## SUPPLIED ENTRIES
BEGIN

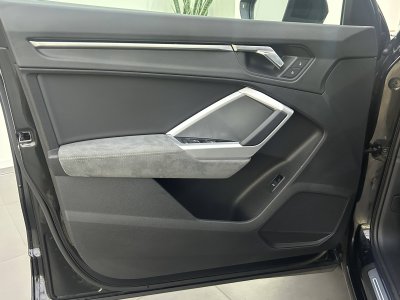 Audi Q3 35 TFSI 150 ch S tronic 7 Design Luxe   - 5
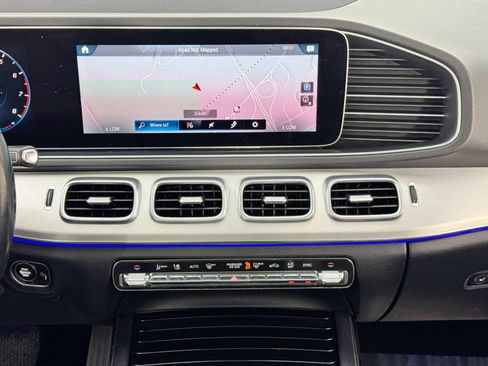 Used 2020 Mercedes-Benz GLE 350 4MATIC w/ Premium Package image 25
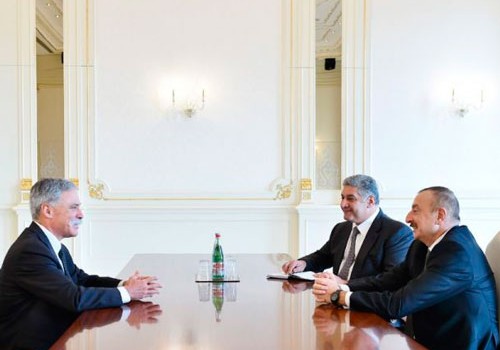 Prezident İlham Əliyev Formula-1 qrupunun baş icraçı direktorunu qəbul edib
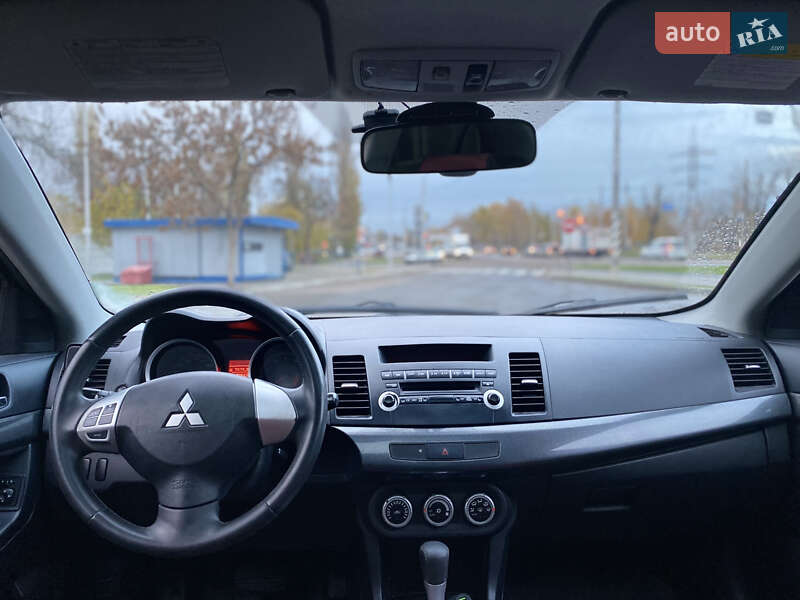 Седан Mitsubishi Lancer 2008 в Миколаєві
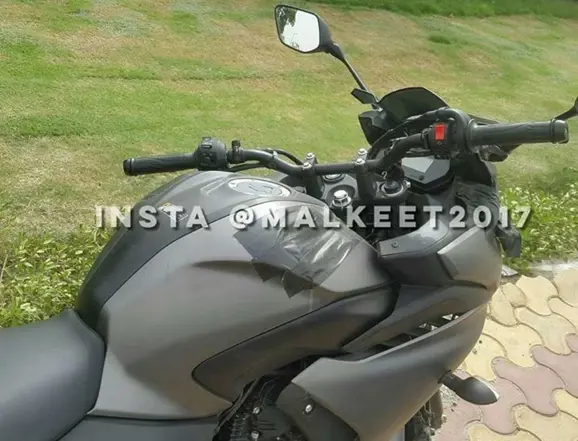 Yamaha-Fazer-250-Tank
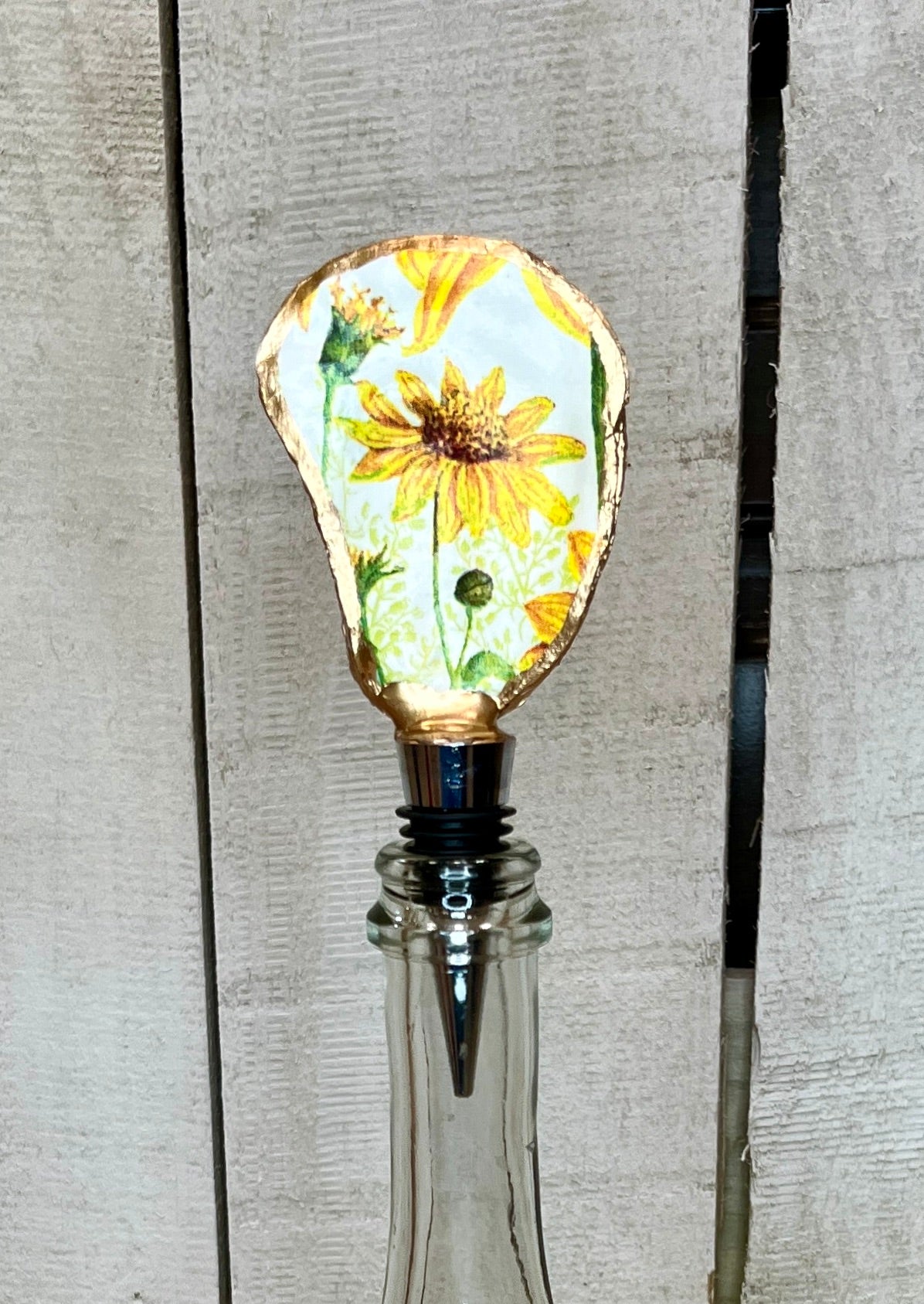 Yellow Flower Oyster Shell Wine Stopper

END

## EXERCISE GOAL
Each entry should be copied exactly as written, though any pictures stay out.

## OUTPUT FOR THIS TASK
 Audi Q3 35 TFSI 150 ch S tronic 7 Design Luxe   - 5
 Used 2020 Mercedes-Benz GLE 350 4MATIC w/ Premium Package image 25
 Prezident İlham Əliyev Formula-1 qrupunun baş icraçı direktorunu qəbul edib
 Седан Mitsubishi Lancer 2008 в Миколаєві
 Yamaha-Fazer-250-Tank
 Yellow Flower Oyster Shell Wine Stopper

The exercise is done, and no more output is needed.